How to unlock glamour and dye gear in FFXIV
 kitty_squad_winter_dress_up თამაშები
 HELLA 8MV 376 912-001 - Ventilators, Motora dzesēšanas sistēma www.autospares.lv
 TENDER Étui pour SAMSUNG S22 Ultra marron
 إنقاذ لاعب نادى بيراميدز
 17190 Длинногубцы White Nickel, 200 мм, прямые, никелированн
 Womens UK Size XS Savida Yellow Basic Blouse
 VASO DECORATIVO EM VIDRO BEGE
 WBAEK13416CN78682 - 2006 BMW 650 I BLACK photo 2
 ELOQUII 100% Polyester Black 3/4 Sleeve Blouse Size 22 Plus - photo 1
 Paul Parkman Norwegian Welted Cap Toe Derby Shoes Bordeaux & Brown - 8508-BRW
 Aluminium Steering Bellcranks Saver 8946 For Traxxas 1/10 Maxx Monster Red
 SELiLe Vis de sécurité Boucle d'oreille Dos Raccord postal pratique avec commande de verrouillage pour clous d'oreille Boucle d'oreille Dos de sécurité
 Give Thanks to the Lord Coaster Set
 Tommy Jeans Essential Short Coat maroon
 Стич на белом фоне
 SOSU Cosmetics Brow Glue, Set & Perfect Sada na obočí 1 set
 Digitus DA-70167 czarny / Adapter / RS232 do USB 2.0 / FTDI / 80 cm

== Work to complete ==
Look above for the line holding "TENDER Étui pour SAMSUNG S22 Ultra marron" and the line holding "WBAEK13416CN78682 - 2006". Retype both, and every line between them, word for word and nothing else.

== Output ==
 TENDER Étui pour SAMSUNG S22 Ultra marron
 إنقاذ لاعب نادى بيراميدز
 17190 Длинногубцы White Nickel, 200 мм, прямые, никелированн
 Womens UK Size XS Savida Yellow Basic Blouse
 VASO DECORATIVO EM VIDRO BEGE
 WBAEK13416CN78682 - 2006 BMW 650 I BLACK photo 2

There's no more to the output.